• [What you need to do]
From the material below, return exactly the lines starting at the one that holds "Downtown Colorado Springs" and ending at the one that holds "A round wall". Pictures stay out of the answer.

※ ※ ※

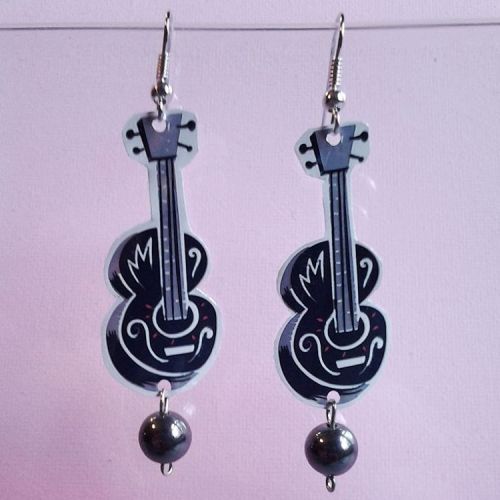 #upcycled #earrings #elpunoylamano #guitars from miller lite limited edition cans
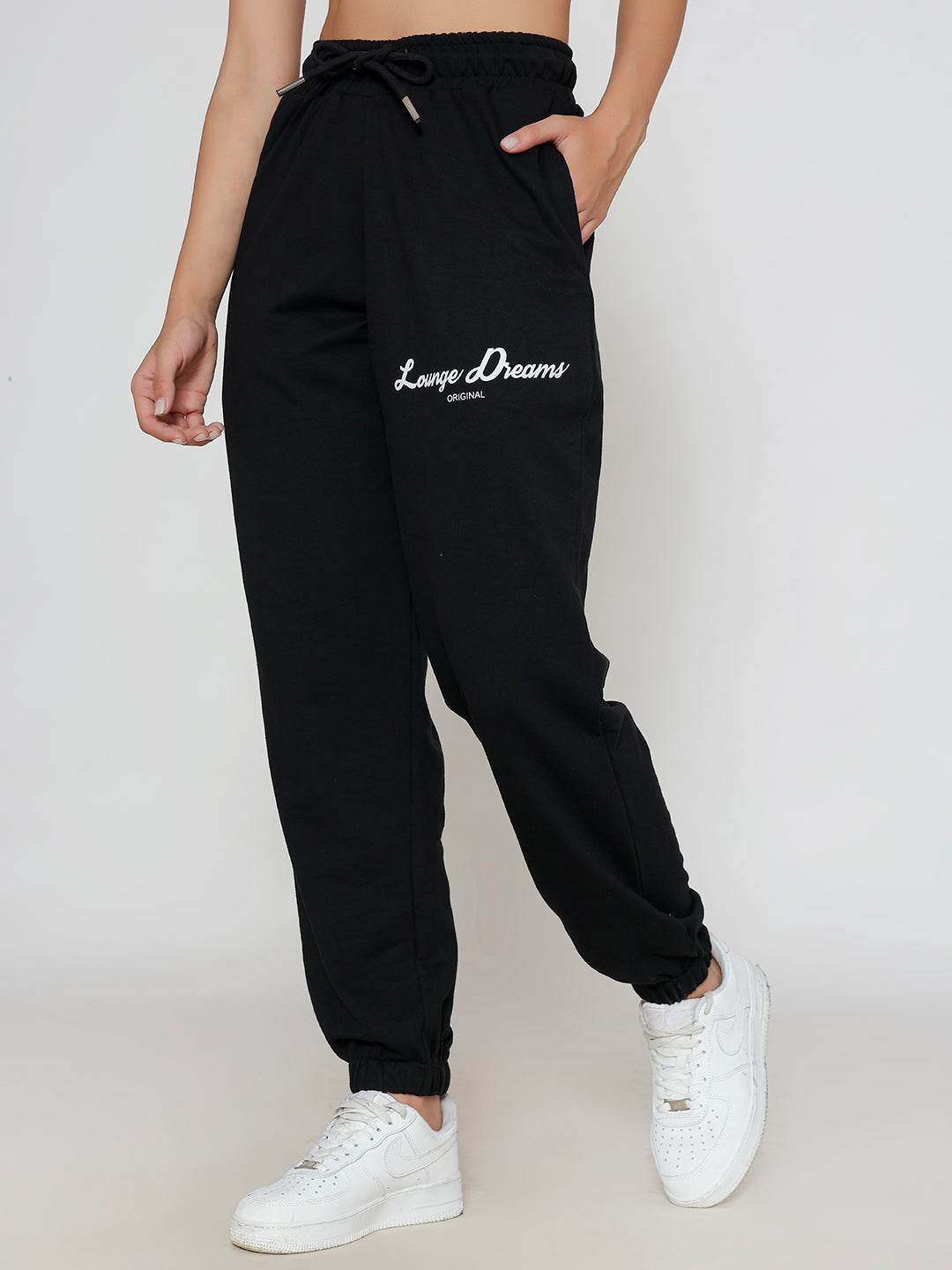 Lifestyle shot of black joggers styled with a tee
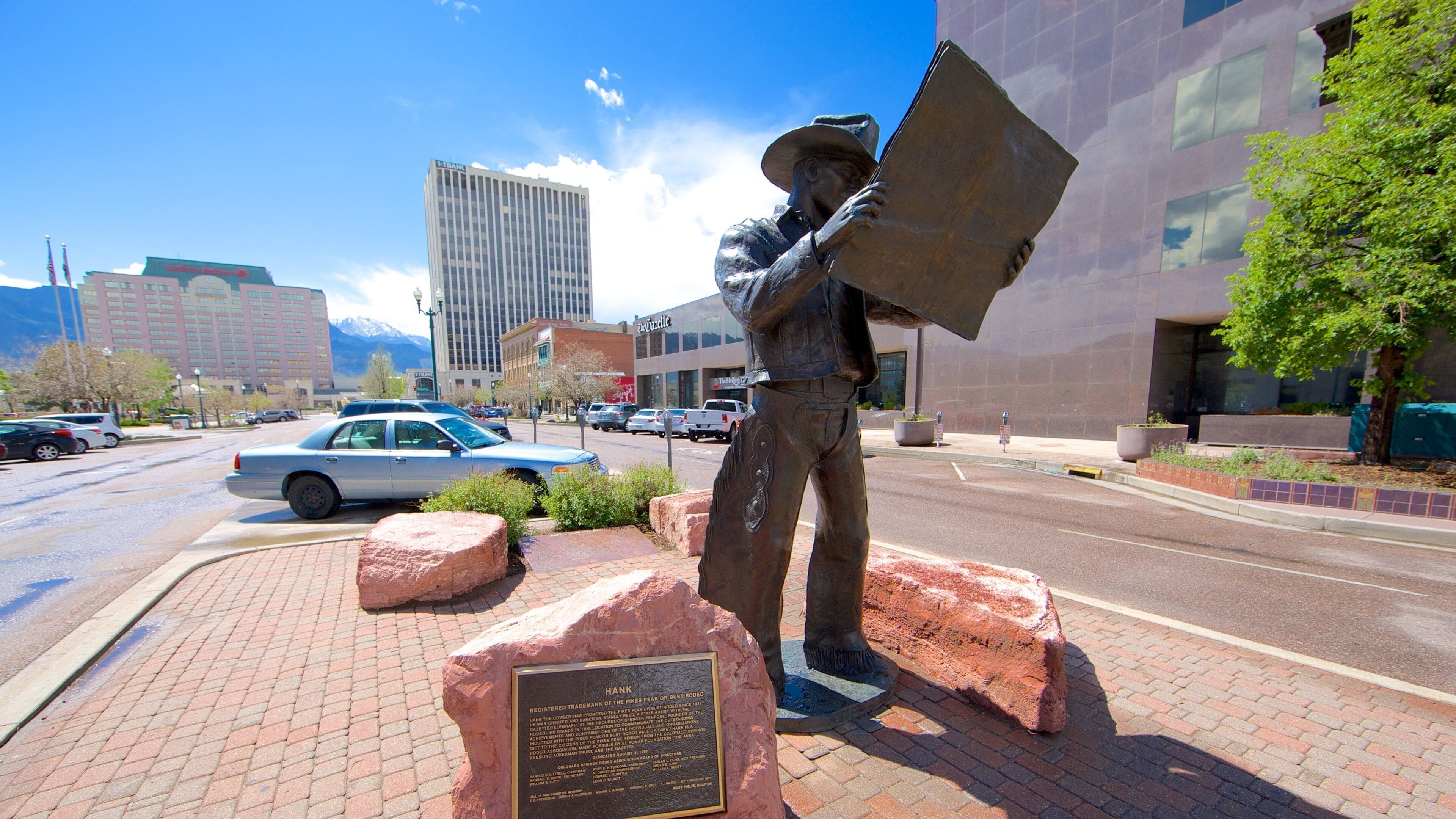 Downtown Colorado Springs which includes street scenes and a statue or sculpture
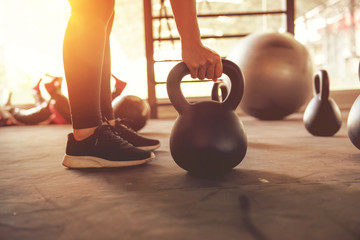 Fitness training with kettlebell in sport gym with sunlight effect.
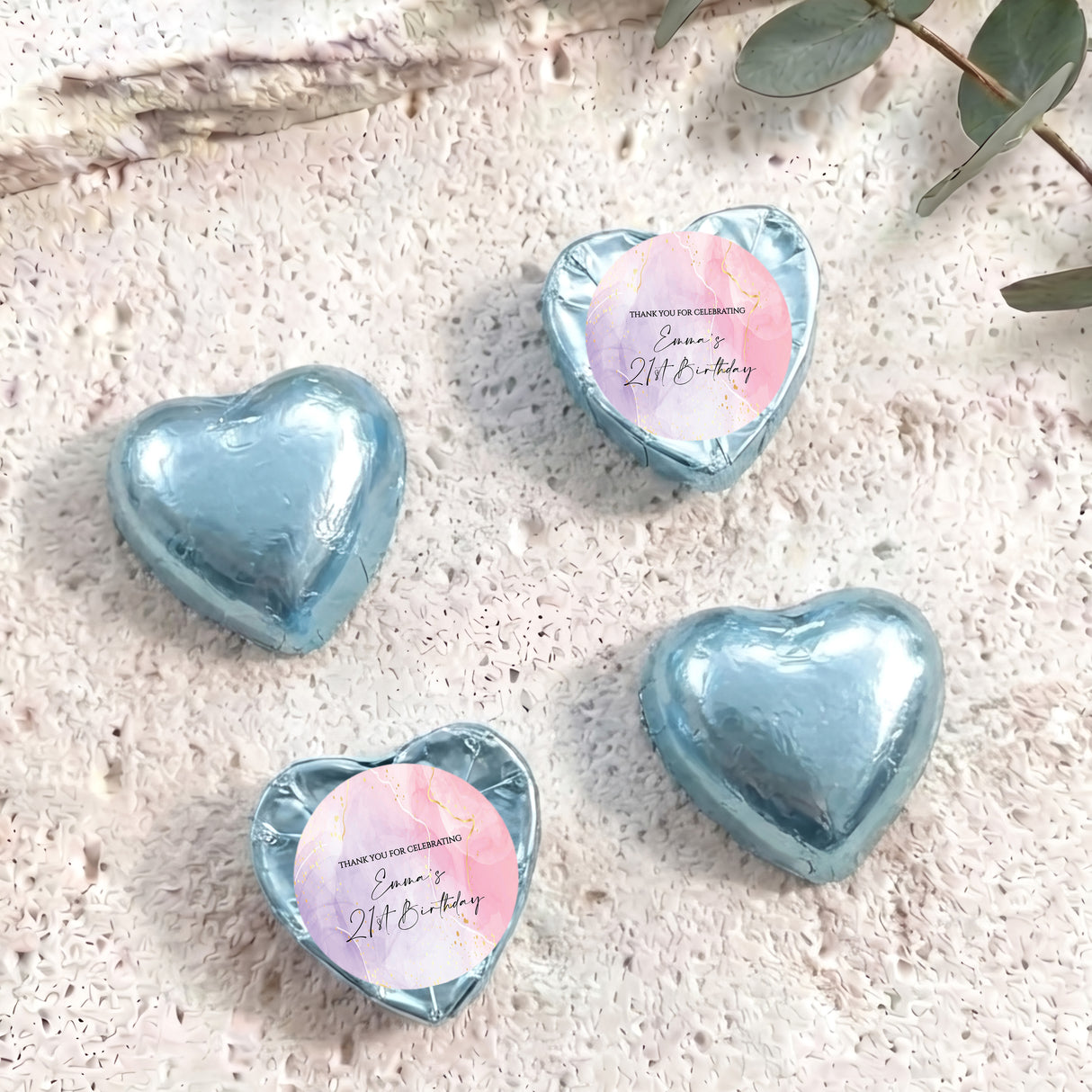 Foil-covered chocolate hearts, light blue heart-shaped chocolates with a round label on top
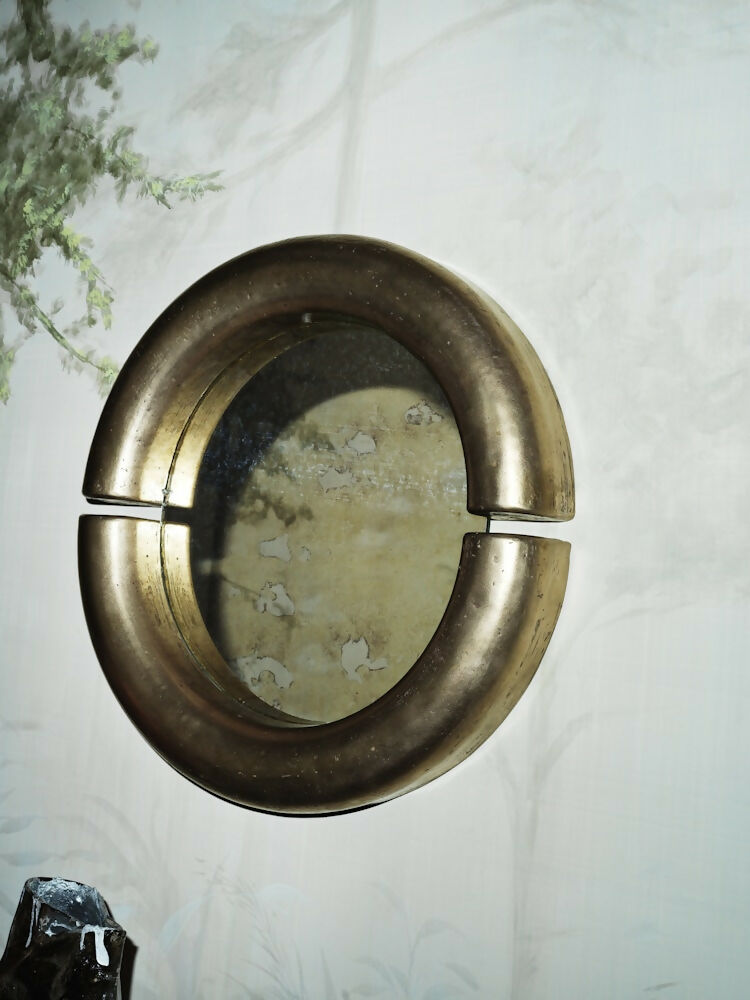 A round wall mirror with a thick, split circular frame in a brushed brass or bronze finish, mounted on a light-colored wall with faint botanical patterns.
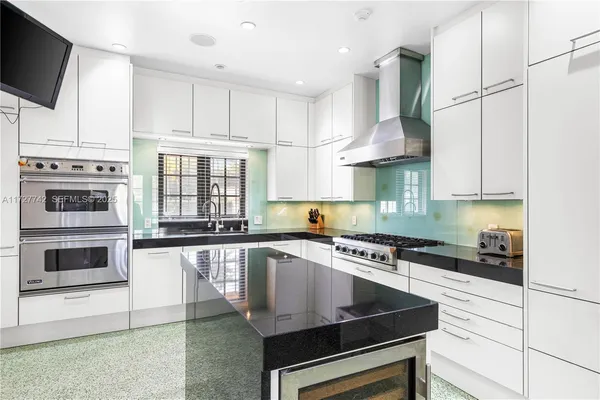 a kitchen with stainless steel appliances a stove a microwave and cabinets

※ ※ ※

• [Response box]
 Downtown Colorado Springs which includes street scenes and a statue or sculpture
 Fitness training with kettlebell in sport gym with sunlight effect.
 Foil-covered chocolate hearts, light blue heart-shaped chocolates with a round label on top
 A round wall mirror with a thick, split circular frame in a brushed brass or bronze finish, mounted on a light-colored wall with faint botanical patterns.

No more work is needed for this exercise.